Intitulé «Un moment d’opportunités», le discours d’hier était d’ailleurs pour l’essentiel consacré à convaincre que les Etats-Unis sont bien du côté des peuples musulmans qui se sont soulevés ces derniers mois. «Nous avons saisi la chance de montrer que l’Amérique a plus d’estime pour la dignité du vendeur de rue en Tunisie que pour le pouvoir brut d’un dictateur», a lancé Barack Obama dans un de ses élans rhétoriques coutumiers. Les présidents tunisiens et égyptiens ne seront sans doute pas les seuls à tomber, a-t-il promis : «D’autres pourraient suivre». Le tout premier sur sa liste est bien sûr Muammar al-Kadhafi qui va «inévitablement partir ou être forcé à quitter le pouvoir», a prédit Obama. Passant ensuite au cas du président syrien, Bachar al-Assad, qui continue de faire tirer sur les opposants, Obama a haussé le ton, mais sans aller jusqu’à exiger son départ : «Le président Assad a maintenant le choix : il peut diriger la transition ou s’en aller.» Il semblerait que la dignité du vendeur de rue syrien n’a toujours pas la même importance pour les Etats-Unis que celle du vendeur tunisien, ont pu déplorer les internautes qui suivaient et commentaient en direct le discours sur Twitter. Au sujet de Bahreïn, allié clé pour les Etats-Unis dans la région, Obama a prôné le «dialogue». Au Yémen, Obama a rappelé au président Ali Abdallah Saleh qu’il s’est «engagé à transmettre le pouvoir».
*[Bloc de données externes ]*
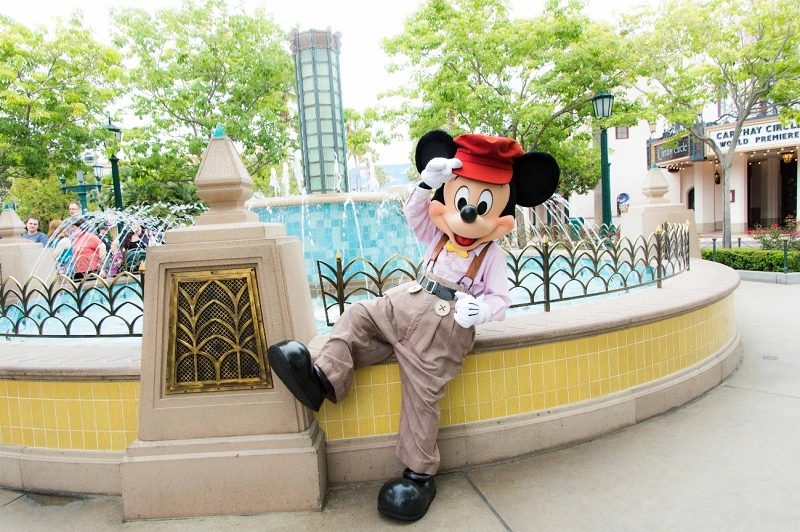 世界のディズニーランドはどこにある 全6ヶ所の海外ディズニーを写真つき紹介 パークごとの見どころも 世界のディズニーランドはどこにある 全6ヶ所の海外ディズニーを写真つき紹介 パークごとの見どころも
Récompenses. Dans cet encouragement aux révolutions arabes, l’Arabie Saoudite a, elle, été totalement oubliée, ont relevé les commentateurs sur Twitter, concluant que le «deux poids, deux mesures» est toujours en vigueur. A défaut de pouvoir rendre un peu plus cohérent le soutien américain aux soulèvements en cours, Barack Obama a annoncé des récompenses financières aux deux pays qui ont renversé leurs dictateurs. L’Egypte aura 2 milliards de dollars : un milliard de remise de dette et un milliard de garanties de crédit. Pour la Tunisie, qui ne pèse toujours pas très lourd dans les intérêts américains, un soutien matériel a aussi été promis, mais aucune somme n’a été précisée.